The other terms of the agreements signed with theaters are equally tight: individually watermarked contracts to be signed, the movie to be shown only in the largest auditorium for a minimum of four weeks, and no marketing until Disney gives the go-ahead.
What’s more, if a theater violates any terms of the distribution agreement, Disney can charge them an additional 5 percent on the take, pushing the studio split to an unheard-of 70 percent!
That’s the kind of power that only studios like MGM wielded in the 1930s, according to one film buyer.
Interestingly, this is not the first time Disney has gone over 60 percent. Some of the Star Wars franchises have gone up to 64 percent of ticket sales and two weeks in the theater’s largest auditorium, according to SlashFilm.
Some of the smaller theaters have decided against carrying the film when it releases before Christmas. Theaters with a limited number of auditoriums, for example, wouldn’t want to be tied in to a four-week deal that doesn’t allow them to play anything else during that time.

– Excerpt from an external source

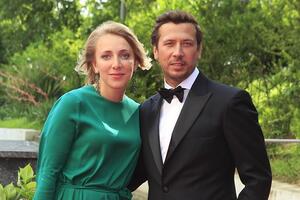 Андрей и Анна Мерзликины отметили оловянную свадьбу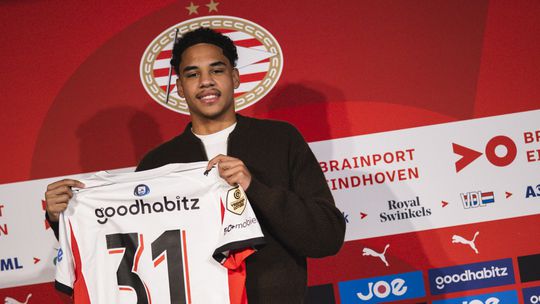 PSV slaat grote slag en voegt supertalent (18) toe aan selectie: 'Dit is mijn club geworden'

This kind of leverage has never been used by a Hollywood studio, but then, it’s Star Wars after all, and Disney is clearly squeezing every last drop of audience appetite for the franchise. Moreover, Star Wars is not the only strong card in Disney’s hand. With the Marvel Universe and its own string of animated hits, Disney is in a stronger position than anyone else to command such ticket sales splits.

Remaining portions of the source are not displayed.